Deutsche Bank, which led the rescue, is the target of much abuse in Germany because one of its directors was chairman of MG's supervisory board and did not know until too late what was going on.

In its own defence Deutsche claims that the top-level board is blameless and is dropping heavy hints that the fault lay with the executive board, saying all will be clear in two weeks' time when the true story is revealed to shareholders. This might be called the Queens Moat defence, or 'Nobody told us what was going on'.

Despite Deutsche's robust attitude, Ellen Schneider-Lenne, a member of its management board, said this week that German companies could learn from the best practices of Anglo-Saxon boards. She is on the board of ICI and Morgan Grenfell, so she should know. German supervisory boards, the top- tier bodies that have no equivalent in the UK, meet four times a year. British boards, including non-executives, meet most months, a better practice. She also suggested that German boards could adopt audit committees, members could take on fewer directorships and they should be tougher with executives.
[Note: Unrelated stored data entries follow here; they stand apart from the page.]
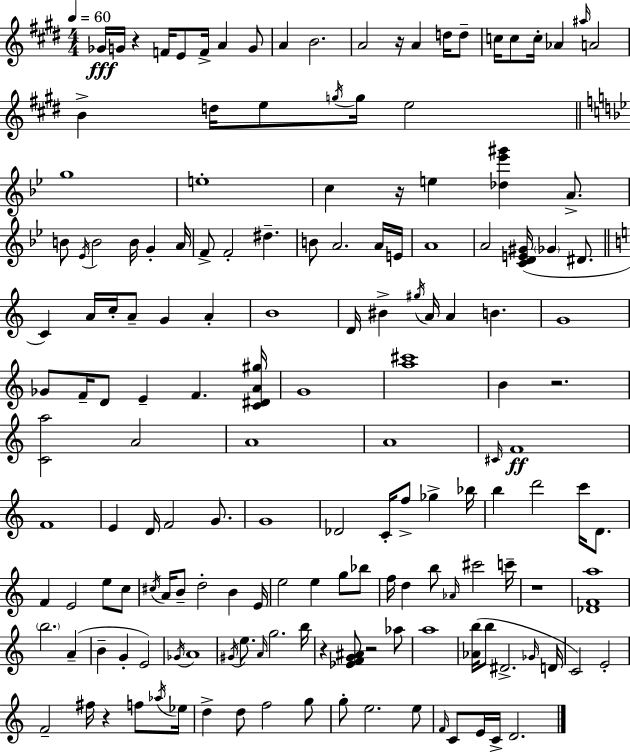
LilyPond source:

{
  \clef treble
  \numericTimeSignature
  \time 4/4
  \key e \major
  \tempo 4 = 60
  \repeat volta 2 { ges'16\fff g'16 r4 f'16 e'8 f'16-> a'4 g'8 | a'4 b'2. | a'2 r16 a'4 d''16 d''8-- | c''16 c''8 c''16-. aes'4 \grace { ais''16 } a'2 | \break b'4-> d''16 e''8 \acciaccatura { g''16 } g''16 e''2 | \bar "||" \break \key g \minor g''1 | e''1-. | c''4 r16 e''4 <des'' ees''' gis'''>4 a'8.-> | b'8 \acciaccatura { ees'16 } b'2 b'16 g'4-. | \break a'16 f'8-> f'2-. dis''4.-- | b'8 a'2. a'16 | e'16 a'1 | a'2 <c' d' e' gis'>16( \parenthesize ges'4 dis'8. | \break \bar "||" \break \key c \major c'4) a'16 c''16-. a'8-- g'4 a'4-. | b'1 | d'16 bis'4-> \acciaccatura { gis''16 } a'16 a'4 b'4. | g'1 | \break ges'8 f'16-- d'8 e'4-- f'4. | <c' dis' a' gis''>16 g'1 | <a'' cis'''>1 | b'4 r2. | \break <c' a''>2 a'2 | a'1 | a'1 | \grace { cis'16 }\ff f'1 | \break f'1 | e'4 d'16 f'2 g'8. | g'1 | des'2 c'16-. f''8-> ges''4-> | \break bes''16 b''4 d'''2 c'''16 d'8. | f'4 e'2 e''8 | c''8 \acciaccatura { cis''16 } a'16 b'8-- d''2-. b'4 | e'16 e''2 e''4 g''8 | \break bes''8 f''16 d''4 b''8 \grace { aes'16 } cis'''2 | c'''16-- r1 | <des' f' a''>1 | \parenthesize b''2. | \break a'4--( b'4-- g'4-. e'2) | \acciaccatura { ges'16 } a'1 | \acciaccatura { gis'16 } e''8. \grace { a'16 } g''2. | b''16 r4 <ees' f' g' ais'>8 r2 | \break aes''8 a''1 | <aes' b''>16( b''8 dis'2.-> | \grace { ges'16 } d'16 c'2) | e'2-. f'2-- | \break fis''16 r4 f''8 \acciaccatura { aes''16 } ees''16 d''4-> d''8 f''2 | g''8 g''8-. e''2. | e''8 \grace { f'16 } c'8 e'16 c'16-> d'2. | } \bar "|."
}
Deutsche, of course, denies this weakens its defence in the MG case. After all, the Cadbury report acknowledged that no system of governance can prevent deception.

But in Germany, as in the UK, there must always be a nagging doubt that a little more aggression by supervisory boards or non-executives might have nipped in the bud some of the recent corporate disasters. The problem is not structures but directors' attitudes.